As you can see, the assumption many people have when they hear the word “DevOps” – “Oh, that means RM” – isn’t anywhere close to complete. It’s like saying that ALM is having your code in source control. And the goal we have in mind isn’t some kind of unrealistic paradise where we are all around the campfire telling stories and roasting marshmallows. As I heard recently by an Agile architect, “DevOps does not mean Operations and Devs hugging each other”. What he meant was, the point was getting it out in production as quickly as possible – and getting as much metrics back as possible. It’s more about efficiency than it is about making friends.

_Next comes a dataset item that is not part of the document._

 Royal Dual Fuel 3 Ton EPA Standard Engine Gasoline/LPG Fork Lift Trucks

So there’s a lot to that formal definition of DevOps – “The collaboration of IT Operations and developers in deploying new software to benefit the business.”

 

The Importance of Culture

So if you want to “be DevOps”, don’t create a separate team and don’t search for some magic process or methodology. …your operations team to start speaking up and working with your development team about what could be done to reduce the operational complexity of the software. Figure out how to make your software easier to configure, easier to deploy, and easier to operate in general. Likewise, your development teams need to seriously listen to the operations group. They need to treat the operations team’s concerns just like they would treat any end-user feature request or bug request. After all, your operations team is simply another type of user of the development team’s software. (from http://www.devopsonwindows.com/it-takes-dev-and-ops-to-make-devops/ )

Changing culture is hard. For many developers, their individual influence won’t be enough to make headway in this change. (Although, do check out the Phoenix Project and the great Damien Edwards video “You Can’t Change Culture, but You Can Change Behavior and Behavior Becomes Culture” in my links below.) Based on personal experience, I believe DevOps does not work as a grass-roots or bottom up. You will need a CxO level advocate or an architect as a champion to move ahead.

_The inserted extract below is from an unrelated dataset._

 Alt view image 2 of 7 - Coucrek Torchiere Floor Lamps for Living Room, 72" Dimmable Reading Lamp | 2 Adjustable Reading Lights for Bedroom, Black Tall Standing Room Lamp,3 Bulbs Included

Start out with a realistic view of what’s possible/achievable given the organizational makeup. Flat organizations do have a better track record of success. And keep in mind the important elements of culture your organization will have to demonstrate:

  • Collaboration
  • No-Blame Postmortems
  • High-trust culture
  • Experimentation and risk
  • Strong focus on continuous improvement
  • Good information flow and bridging between teams

I talked yesterday evening with someone that had an architect that realized their cloud-based infrastructure was costing them thousands of dollars monthly. He told the development team that they were going to be taking DevOps seriously – and that their environments would be completely disposable. Every night they would tear down their machines to a bare minimum – and every morning they’d rebuild them again. It worked brilliantly. That’s the kind of game-changer you need on your side.

A study by Westrum in 2004 divided organizations into three general categories, based on their orientation and base characteristics. Is your company Pathological, Bureaucratic, or Generative?

(courtesy Puppet Labs)

If your organization is Pathological, the best advice I can give is to focus on what you can do, and keep your own house in order. Have CI and RM in place – but know in advance, your odds of instituting meaningful DevOps are fairly low. This is because these types of organizations do not lend themselves well to the cross-team collaboration that will be vital for your success. Bureaucratic organizations are relatively friendlier, but there still will be a significant amount of inertia for you to overcome. Forming a DevOps Center of Excellence here or bringing in outside consultants to help sway decisionmakers may be a difference-maker here. If you’re in a Generative organization, congratulations – your pilot efforts will likely be the first step on a successful road to DevOps that will make your work-life as a developer much, much happier. Automating tedious tasks and not getting drowned in firefighting or unplanned work means a happier YOU.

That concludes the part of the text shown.